====== MATERIAL PROVIDED

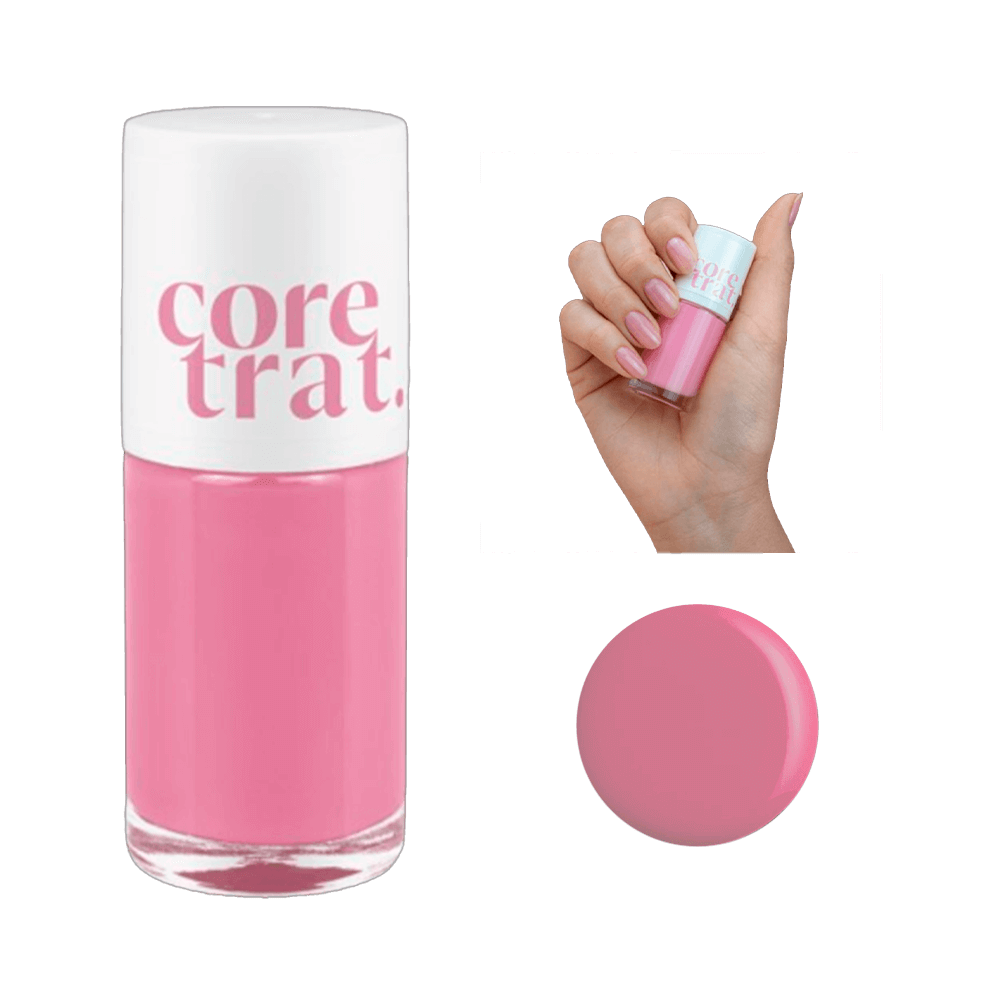 Esmalte Blant Coretrat Diamante Rosa - frasco transparente com esmalte rosa e mão segurando o produto
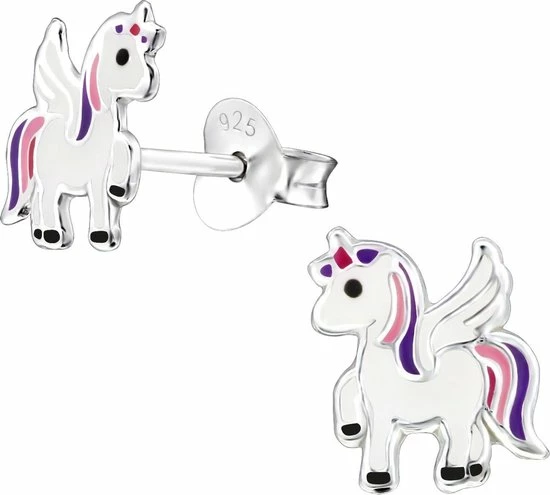 Zilveren Kinder Oorstekers In De Vorm Van Een Eenhoorn Paars | Unicorn Kinderoorbellen Meisje Zilver | Zilverana |Sterling 925 Silver (Echt Zilver) 3 Zilveren Kinder Oorstekers In De Vorm Van Een Eenhoorn Paars | Unicorn Kinderoorbellen Meisje Zilver | Zilverana |Sterling 925 Silver (Echt Zilver)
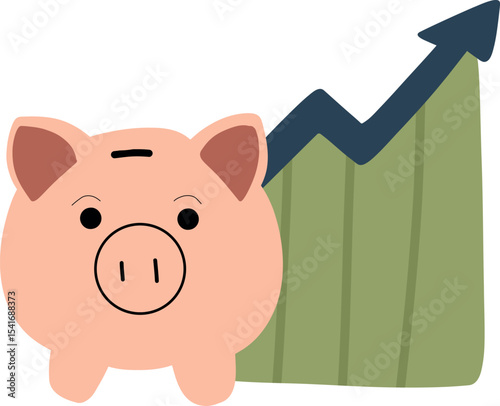 Piggy Bank with Growing Graph 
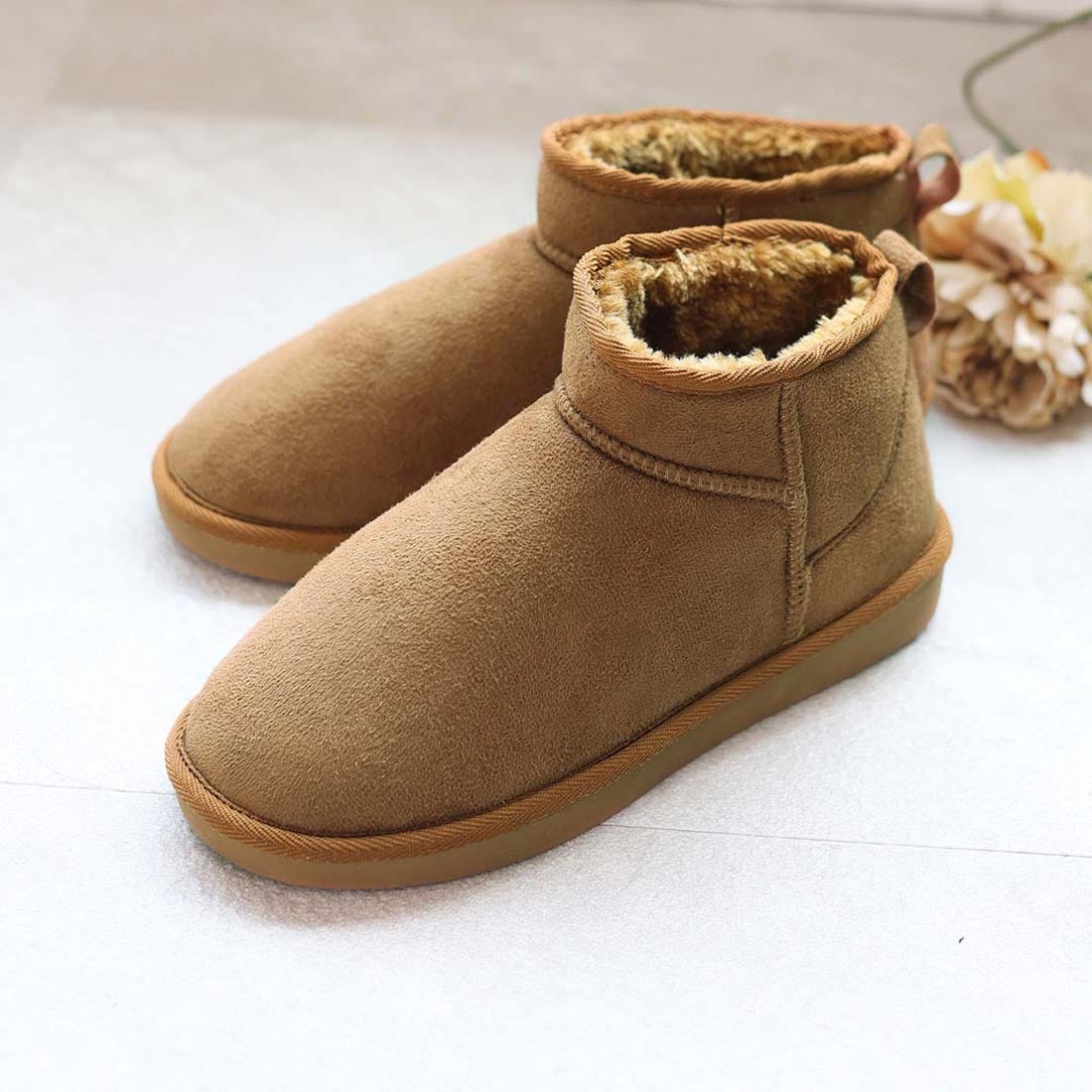 ミンキー ミー minky me! 撥水ミニ丈ムートンブーツ （キャメル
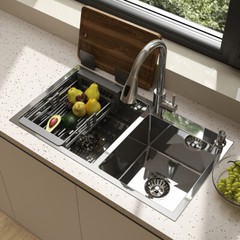 Silver Kitchen Sink Stainless Steel Double Bowl Drop In Top Mount Workstation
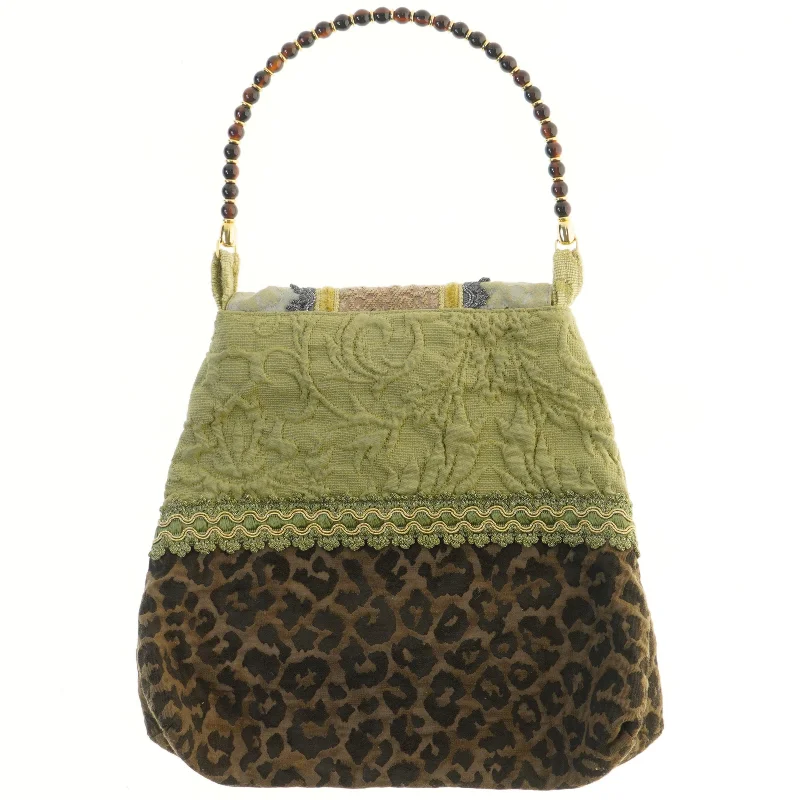 Vintage håndtaske med leopardmønster fra Jane Burchard (str. 34x36 cm)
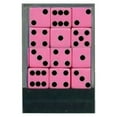 thumbnail image 3 of 1 Dozen Pink Dice - 16 mm Pink Dice with BLACK Pips (dots) stored in an Organza Bag, 3 of 3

============

## TASK DESCRIPTION:
When you reach the line with "Silver Kitchen Sink" in the entries above, start copying, and go on word for word to the last line; skip any picture.

## TASK RESPONSE:
 Silver Kitchen Sink Stainless Steel Double Bowl Drop In Top Mount Workstation
 Vintage håndtaske med leopardmønster fra Jane Burchard (str. 34x36 cm)
 thumbnail image 3 of 1 Dozen Pink Dice - 16 mm Pink Dice with BLACK Pips (dots) stored in an Organza Bag, 3 of 3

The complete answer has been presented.